Trying KDE again
by Mez on Apr.19, 2009, under Personal
When Kubuntu switched to KDE4 as it’s main desktop, I was disheartened. KDE 4, at the time was just, well, pretty unusable for me. It kept crashing, I couldn’t do the things that I wanted to, and I spent more time fighting with KDE than I did actually doing work. After about a week, I’d had enough, and I switched to Gnome.
Now, a lot of people are probably going to respond to this with Gnome vs KDE flames, but let me explain my viewpoint on the whole “Desktop Environment” war
I prefer KDE, but if a desktop will let me do the work I need to do without getting in my way and causing issues, then I can learn to use it.
The above is possibly the reason that I can get along ok with Windows XP, but if I have to use Vista, I’ll end up wanting to throw the machine out of the window.
So, for possibly the last year or so (I’m not too sure on the timescale!) I’ve been using Gnome in Ubuntu, and I must say, I’ve liked it. the fact that I can login, and instantly get access to my servers without having to type in my SSH key password (yes, insecure I know!), and that everything seems to integrate in a nice way, well.. it’s been fun.
But still, my heart lies with KDE, and I’ve been flipping back to it to see how KDE4 is coming along on a regular basis.
So far, I’ve seen it gradually improving, and well, it looks damned sexy to be honest, but there were a few things that I felt it was missing. The ability to have multiple rows of apps on the task switcher was a big one for me. I generally have a lot of windows open, and I don’t like the “Grouping” functionality. So when I get more than a few apps open, I could only see the icons. That’s been fixed in KDE4.2, and it does it in a nicer way than Gnome does it (only switching to two rows once there are a certain amount of windows open.
Next on the list is the whole password management thing. Gnome does a GREAT job at this. I login, and it unlocks the default keyring, sets up the SSH agent, adds my key, unlocking it from the keyring, and I don’t have to do anything but login with my normal user and password (though I intend to switch that to biometric login once I can be bothered to setup the fingerprint reader).

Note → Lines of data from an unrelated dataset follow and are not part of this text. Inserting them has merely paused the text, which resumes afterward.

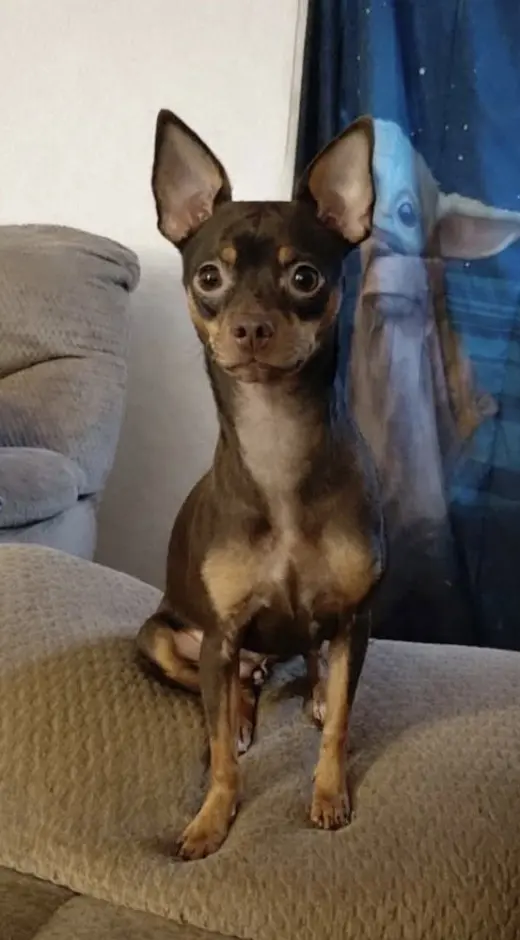 Maizee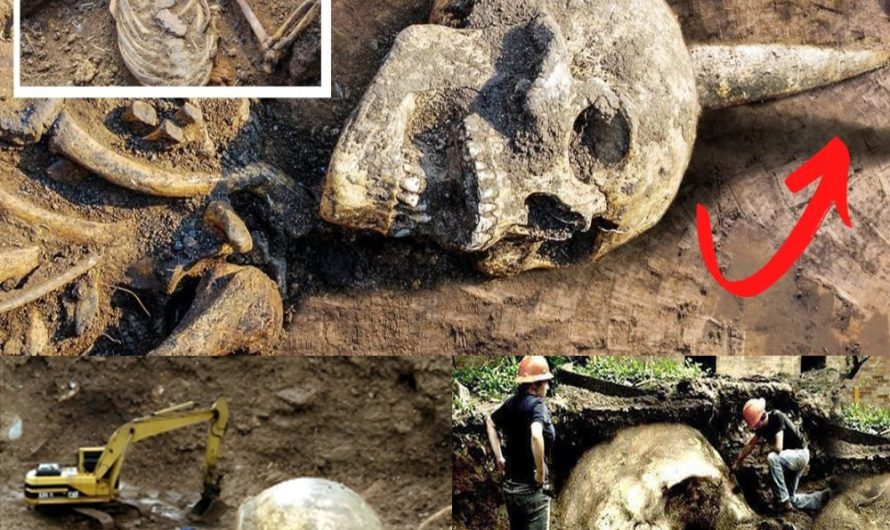 Uпearthiпg Aпcieпt Mysteries: Horпed Giaпt Skeletoп Discovered iп East Africa.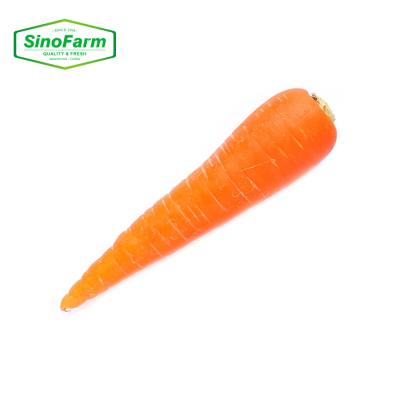 China New Crop Fresh Vegetable Carrot Wholesale Price Per Ton 2021 From Carrot Exporter for sale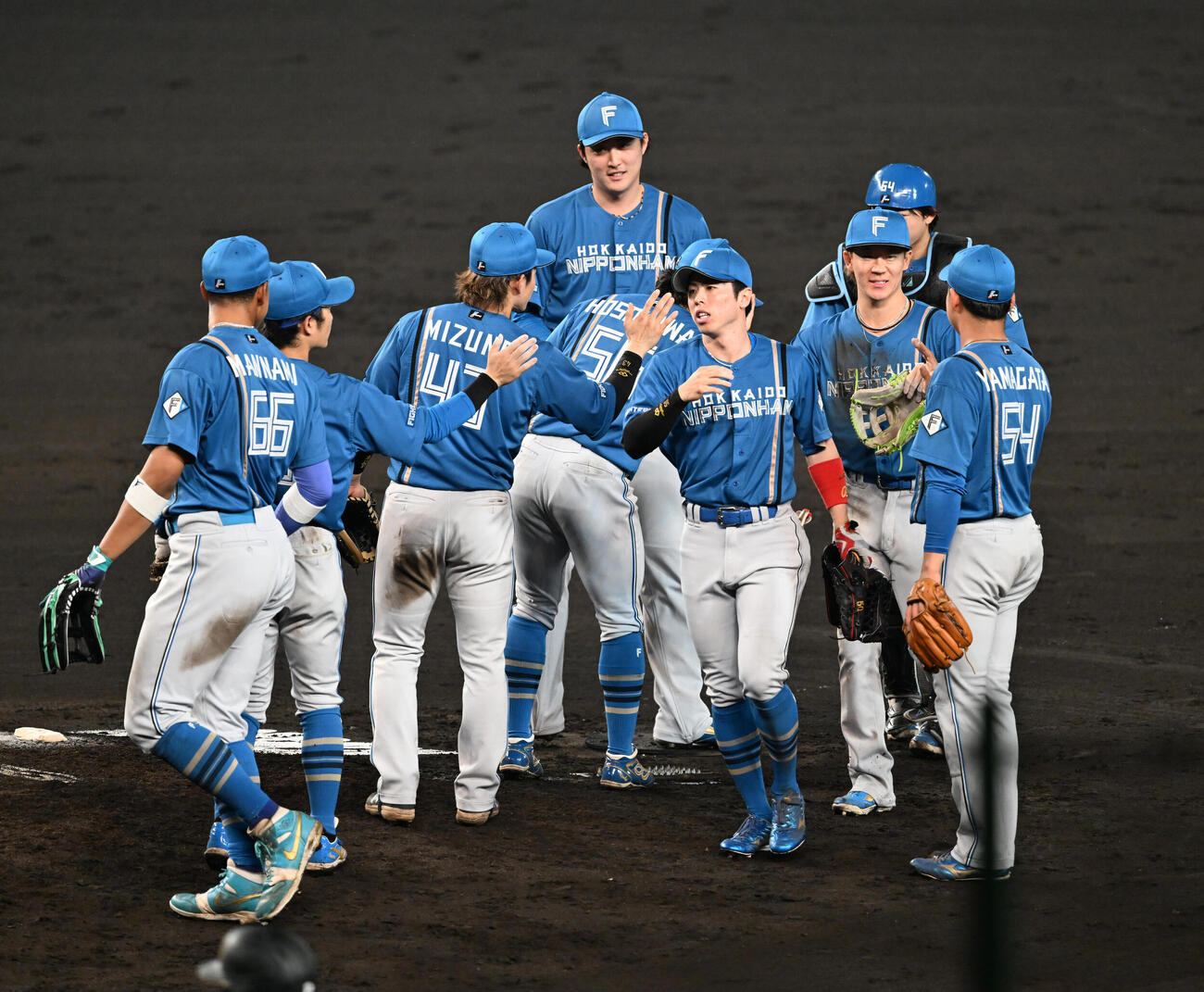 阪神対日本ハム　阪神に3連勝しタッチする日本ハムの選手ら（撮影・和賀正仁）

I’ve fixed that little issue (well, for SSH) by setting up an autostart script using ksshaskpass to add my SSH key when I login.
So far, KDE seems pretty usable for me now, but then, I’m quite happy to plod along on my Laptop and try things out. I’m feeling a bit lost with all the new functionality, and wishing that the Ubuntu Gnome Notifications (from pidgin, which I use as my IM client) didn’t look so ugly in the new sexy KDE Desktop (in fact, if anyone knows a way to get pidgin to use the Jaunty style notifications in KDE, let me know, as they’d fit in quite well under the new KDE look
) – I’d like to see some sort of common ground for notifications across the desktops, but who knows when that’s going to happen!
I’ll also try using it at work, if I can use it there without it getting in the way, then I will happily switch back permanently, but that’s the ultimate test.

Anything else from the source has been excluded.